50 dni bez Ciebie. Właściwie już 55 dni bo wtedy trafiłaś do szpitala. Do końca życia zapamiętam te datę bo jak tu zapomnieć. 20 stycznia 2015 dowiedzieliśmy się o Twojej chorobie i tego też dnia urodziła się Hania, cieszyć się czy płakać? Tak miało być pięknie jak ona sie urodzi, a w tym dniu nie było ku temu nastroju bo modlilem się do Boga o to żebyś przezyla, żebyś wyjechała z tej cholernej sali operacyjnej. Hania ma już 50 dni. Znowu wylądowaliśmy w szpitalu, zapalenie płuc, dużo zachorowalność u wcześniaków. Cholernie za Tobą tęsknię, tak bardzo ze czasami zaczynam się zastanawiać czy to życie ma sens? Bez Ciebie. Parę razy przeszło mi przez głowę ze może sobie jeszcze znajdę kogoś z kim spedze resztę zycia, kogoś kogo pokocham, kto mnie pokocha ale czy będę potrafił? Czy znajdzie się jeszcze miejsce w moim sercu dla kogoś innego, obok Ciebie. Ty z mojego serca nie znikniesz, masz tam zapewnione miejsce na całą wieczność. Do końca życia będę Ciebie wspominal. Byłaś i jesteś miłością mojego życia. Dziękuję Ci za wszystko.

mar 07 2015 Czas ucieka
Komentarze: 0

Kolejny dzień za nami, dla Hani to już 11 dzień w domu.

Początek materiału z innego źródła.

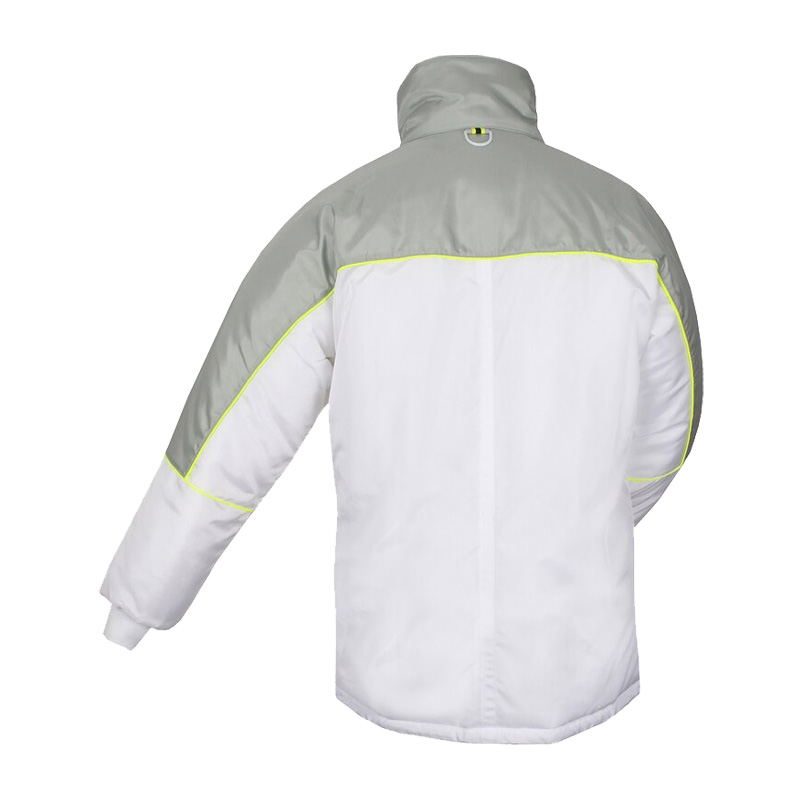 Rückansicht der TEMPEX HYGIENE Kommissionierer Gefrierhaus Jacke von HB Protective Wear in Weiß-Grau, robuste Kälteschutzjacke für die Lebensmittelindustrie, zertifiziert nach EN 342, Schutz bis -49 °C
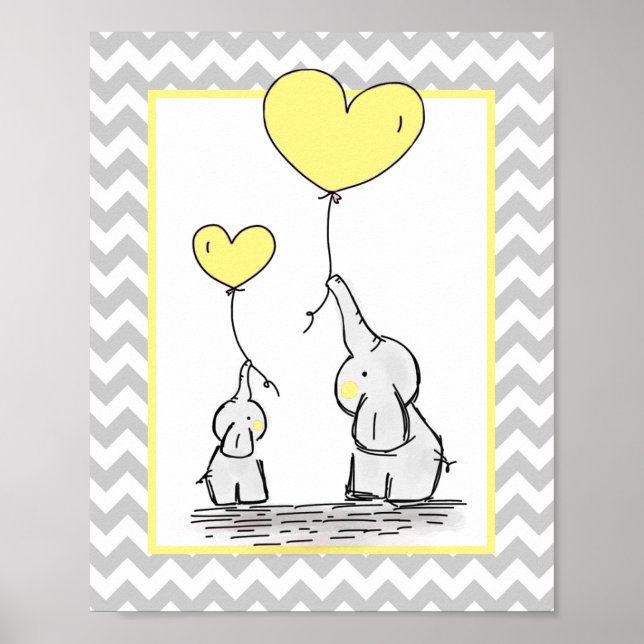 Affiche Elephant jaune blanc gris Chevron Baby Nursery (Devant)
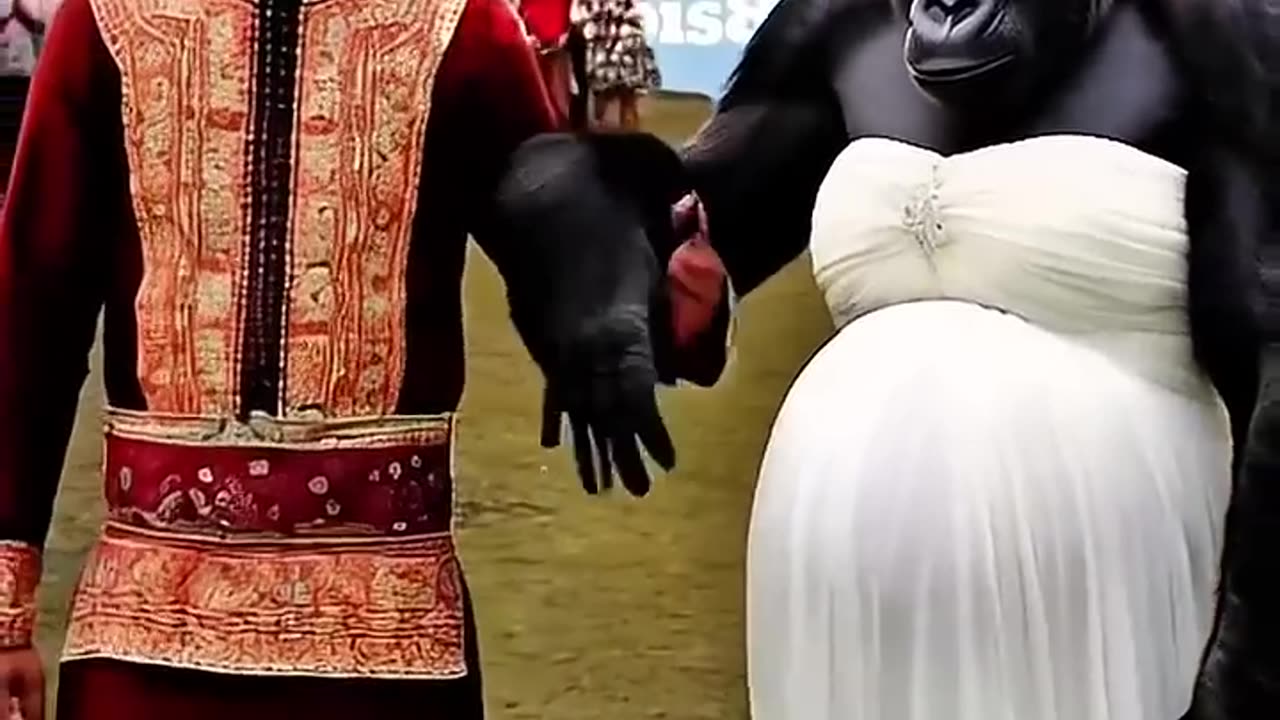 Gorilla Wearing Wedding Dress Causes Stir In Village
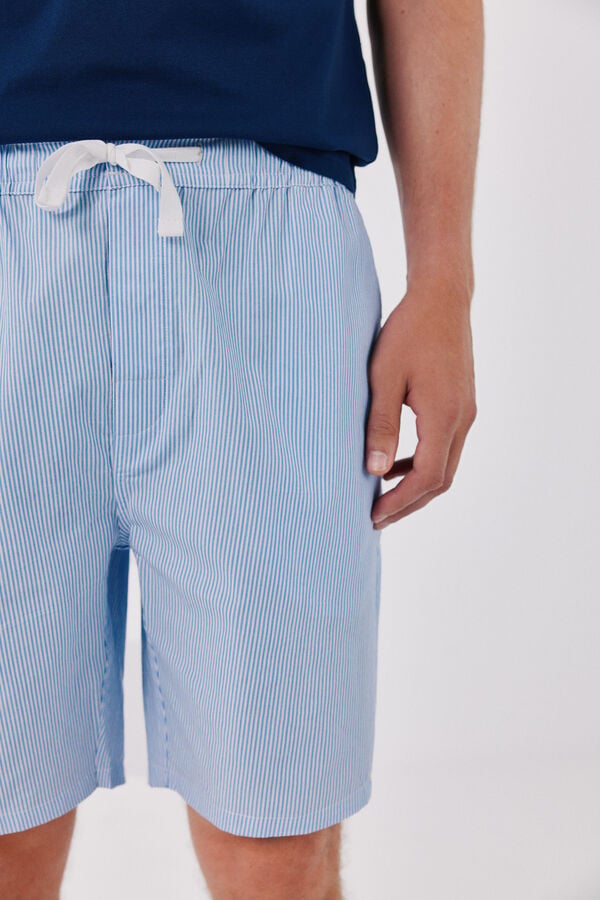 Cortefiel Jersey-knit and fabric pyjamas set Navy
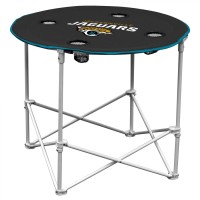 Nfl Logo Brands Jacksonville Jaguars Collapsible Round Table With 4 Cup Holders And Carry Bag, Team Color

Odkąd Ona jest w domu to czas zaczął mi po prostu znikać, nie mam czasu na przemyślenia, już nawet nie wiem, która to będzie kolejna niedziela bez Ciebie, może to i dobrze. Nie siadam wieczorami samotnie przed komputerem, bo nie mam tych samotnych wieczorów, teraz jest Hania, która wystarczająco dużo mojego czasu potrzebuje bardziej niż ja sam dla siebie. Czasami jednak są momenty zwątpienia, ale na szczęście jest na tyle dużo dobrych ludzi w koło, którzy potrafią porozmawiać i odciągnąć moją uwagę od tego wszystkiego, że dziękuje za nich Bogu. Dzisiaj na polu zrobiło się cieplej, tak wiosennie. Byłem na działce, planowałem Ci zrobić grządki koło garażu, nawet już to mieliśmy obgadane. Spojrzałem na to miejsce dzisiaj no i po co te grządki, kto na nich będzie sadził. To nowe porzeczki, agresty, maliny, które w zeszłym roku kupiłem, tak chciałaś mieć to wszystko żeby robić z tego przetwory, no i po co to wszystko teraz. Już do mnie dotarło, że byłaś ciężko chora, że to była bardzo poważna choroba i że mogło się to wszystko skończyć jeszcze bardziej tragicznie. Czasami jednak nadal mam wrażenie, że Ty żyjesz, gdzieś obok w równoległym świecie, masz się dobrze z nami wszystkimi i jesteś szczęśliwa. To ja gdzieś obrałem kurs gdzie nie powinienem.